Il faut donc que les filières végétales biologiques se développent en parallèle des filières animales. « Seulement, les exploitants sont plus réticents à se convertir à l’agriculture biologique dans le secteur du végétal que de l’animal », constate Carine Maret, responsable de l’activité aliments à l’Ufab (Union française d’agriculture biologique), filiale de la coopérative Le Gouessant. Son entreprise apporte donc un soutien technique aux éleveurs de volaille bio qui veulent convertir leurs productions végétales en bio, notamment sur les bassins versants où les fortes contraintes environnementales ne sont pas très éloignées du cahier des charges biologique qui permet une meilleure valorisation de la production. Les Fermiers de Loué ont mis en place un système similaire afin d’assurer une matière première végétale 100% locale en proposant aux agriculteurs un contrat incitatif de 220 euros/tonnes.

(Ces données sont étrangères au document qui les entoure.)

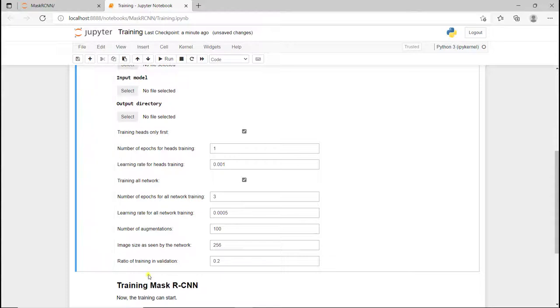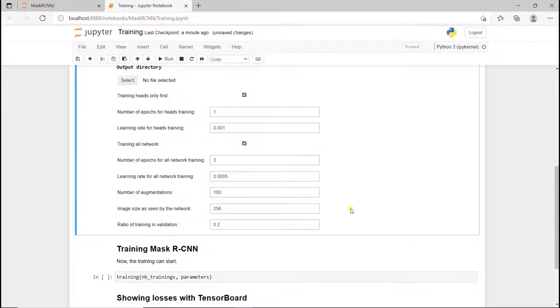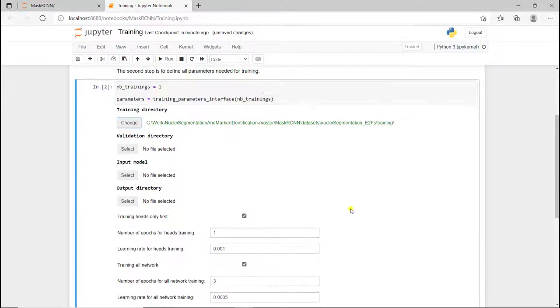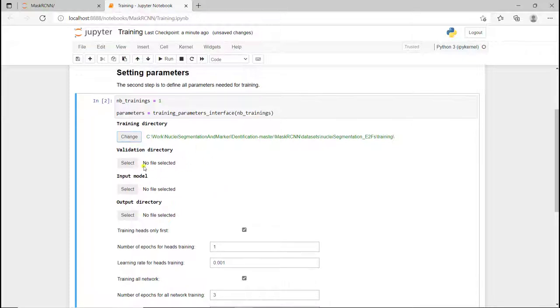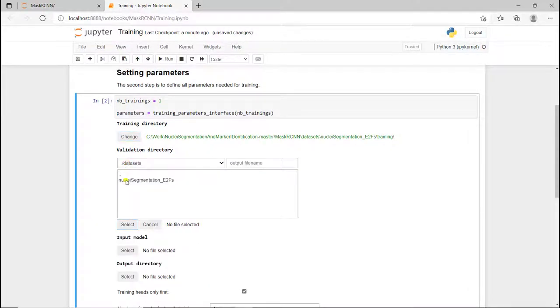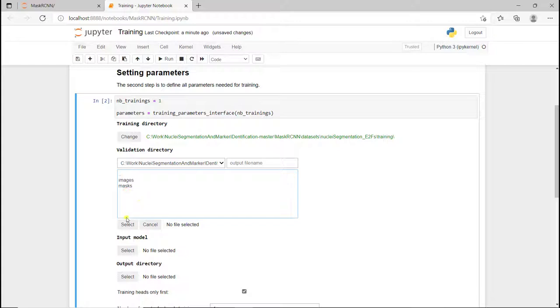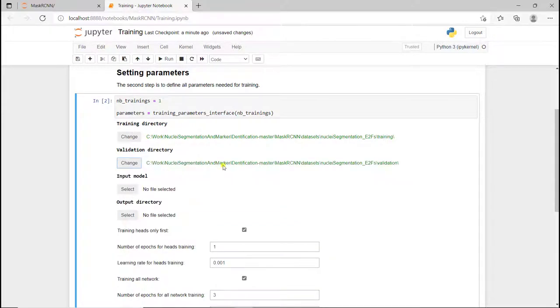The last parameter here would define the ratio of training data that is put in validation data if I don't define the validation directory, but here I have one. So I'm going to define it. It's going to be here.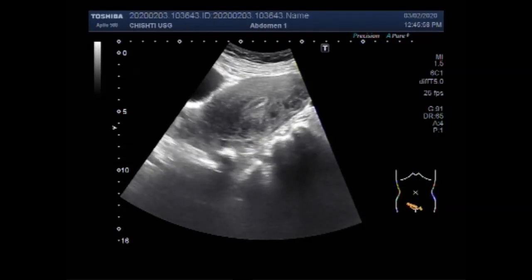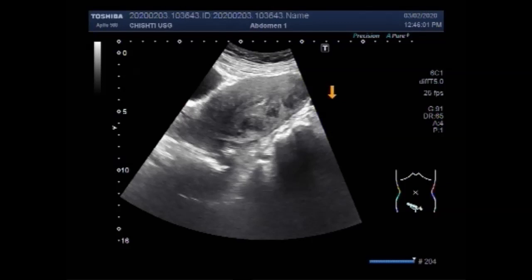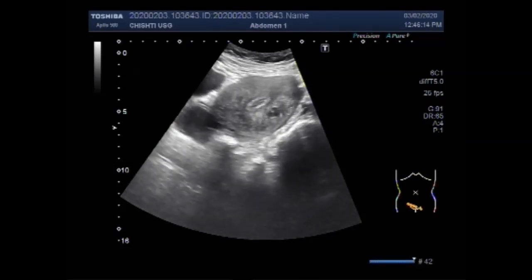Now again you can see these multiple fibroids. These are semi-solid to solid in consistency, with homogeneous, equal texture. No significant blood flow is seen in their interior.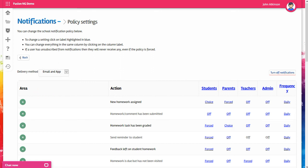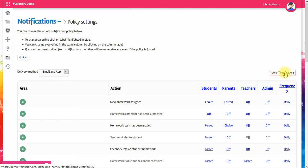Once you've made your selection, you don't have to save anything. If you want to turn off all notifications, simply click this button and it will reset all the notifications to off.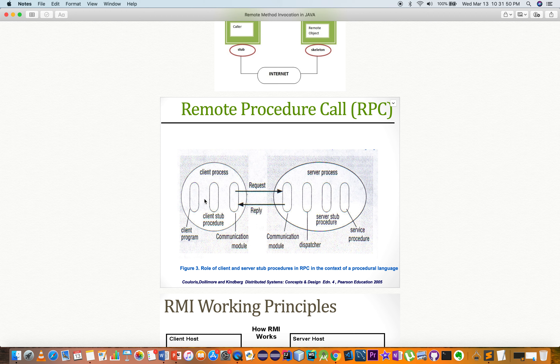For example, methods like add, subtract, and multiply. For each of these methods, we have to apply the remote method invocation.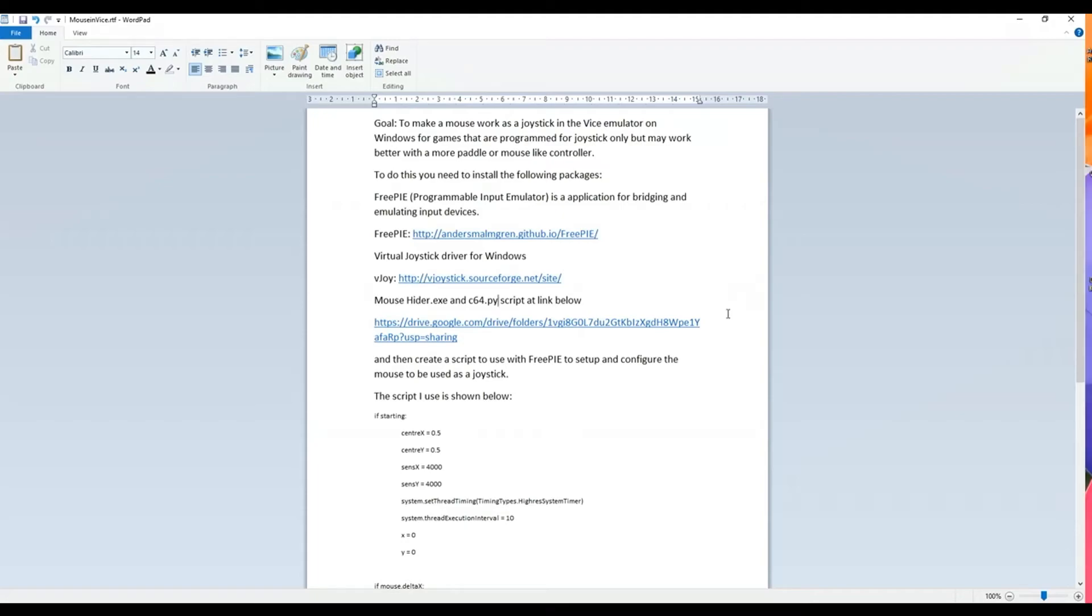Okay, welcome. So today we're going to look at how to make the mouse work as a joystick in the Commodore Vice Emulator on Windows. This is useful for games that are programmed for the joystick only but may actually work better with a paddle or mouse-like controller.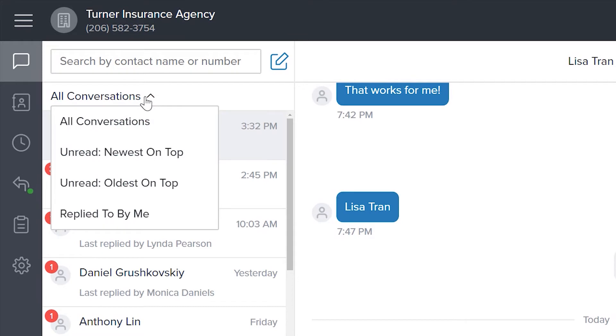Users can filter by the type of conversations they want to see listed. Sorting by all conversations will display your entire communication history.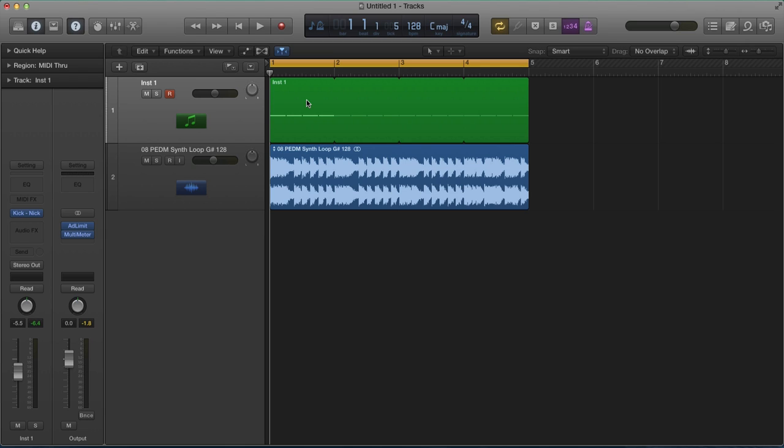As a general rule of thumb, the longer the kick drum lasts, the longer the tail of it, the more important it is that it's tuned to the key of your track. For example, a drum and bass track with a higher kick drum with less tail doesn't have to be so tuned to the key. Whereas house music, when the kick is the lowest element, it's absolutely essential.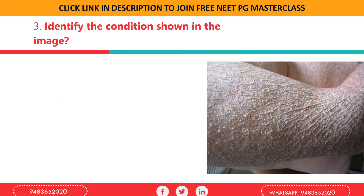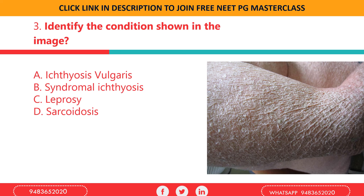Identify the condition shown in the image: a) ichthyosis vulgaris, b) syndromal ichthyosis, c) leprosy, d) sarcoidosis. This ichthyosis is the most common genodermatosis, characterized by dry scaly skin all over the body. The scales are dull brown. The basic defect is impairment in the barrier function of skin and inability to maintain moisture.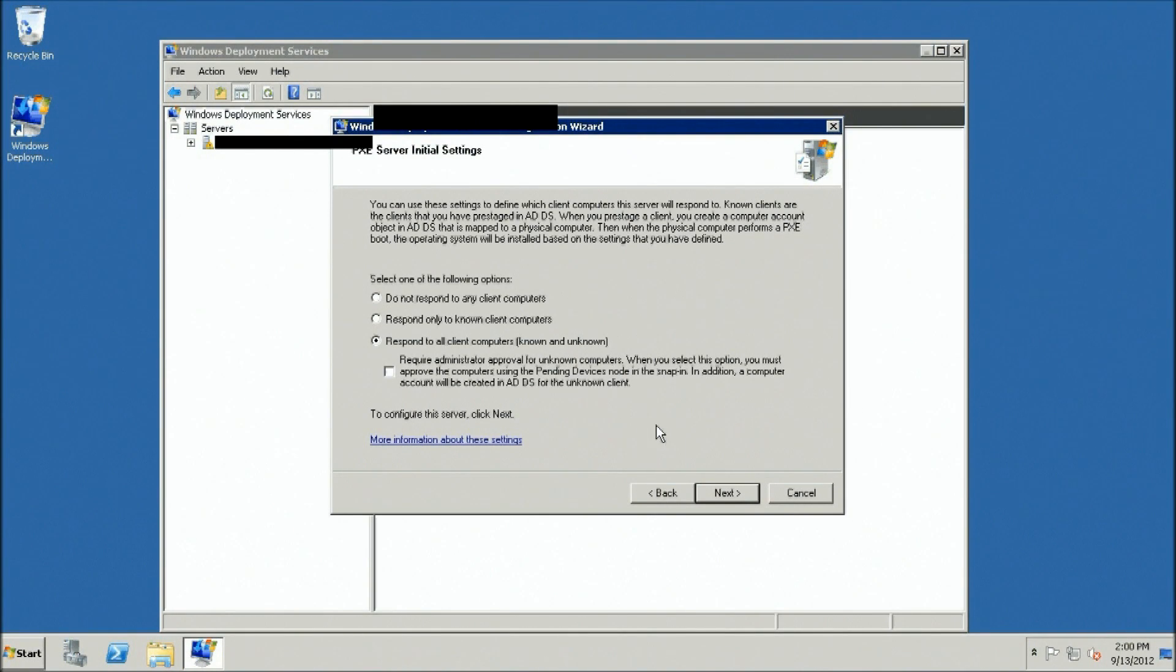Select the third option: Respond to all client computers. Click Next.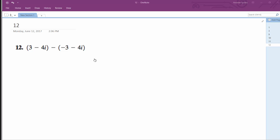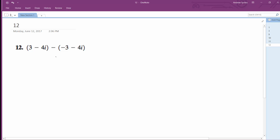All right, we want to solve this problem. First thing I'm going to do is distribute this minus sign. So this becomes 3 minus 4i. Distributing this minus sign, so this becomes plus 3, and then plus 4i.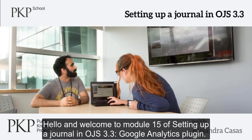Hello, welcome to module 15 of setting up a journal in OJS 3.3. Google Analytics plugin.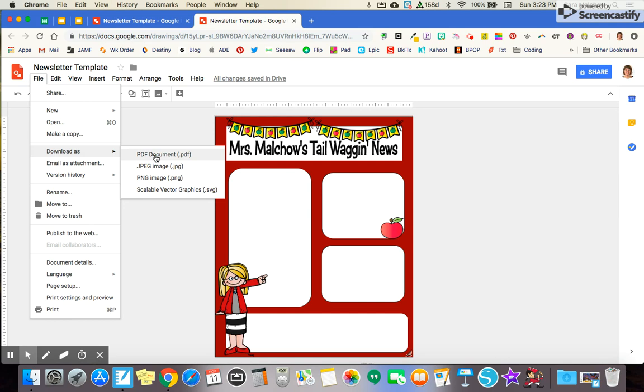My reason for going PDF is so that one, parents can't edit it. But secondly, my reason for doing PDF is if I would be inserting any links in here that I would want parents to go to, those links will be live. And when parents click on them, they will be taken to that site.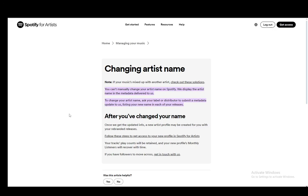Hey everybody, what is going on? I hope you guys are all doing well and welcome to another tutorial video. In this video I'll be explaining to you guys how you can change your artist name on Spotify, so let's get right into it.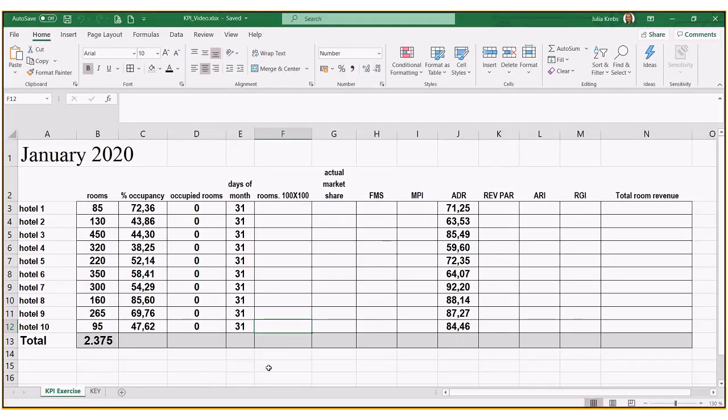This is a video recording of a KPI exercise in Excel, going through the formulas to calculate actual market share, fair market share, and to do a little analysis at the very end.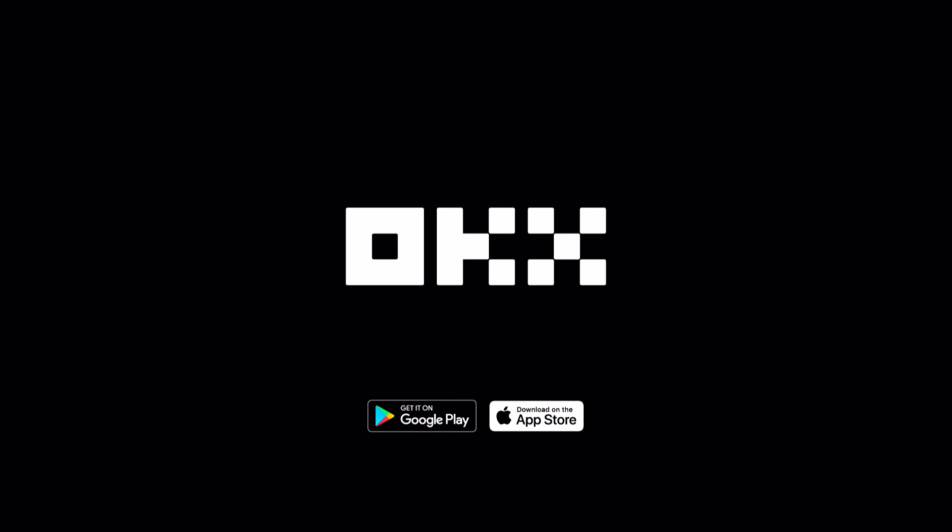That's it. You're all set to fund your OKX account and start trading today on OKX.com.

Complémentarité des filières biologique et Label rouge

« Nous mettons beaucoup d’espoir dans le plan protéine du ministère de l’Agriculture pour soutenir le développement de la bio », a également tenu à souligner Elisabeth Mercier, directrice de l’Agence Bio. Pour les industriels, le développement des volailles et des œufs biologiques commercialisés en circuits longs (GMS) doit s’inspirer de ce qui a déjà été mis en place avec les Labels. Yves de la Fouchardière, directeur des Fermiers de Loué, estime que ces deux filières sont complémentaires, « le Label rouge a permis de faire avancer la sélection des souches de volailles et d’organiser la filière, ce qui profite aujourd’hui aux productions biologiques, dans l’autre sens la production biologique est un laboratoire qui nous appris comment nous passer de certains antibiotiques ».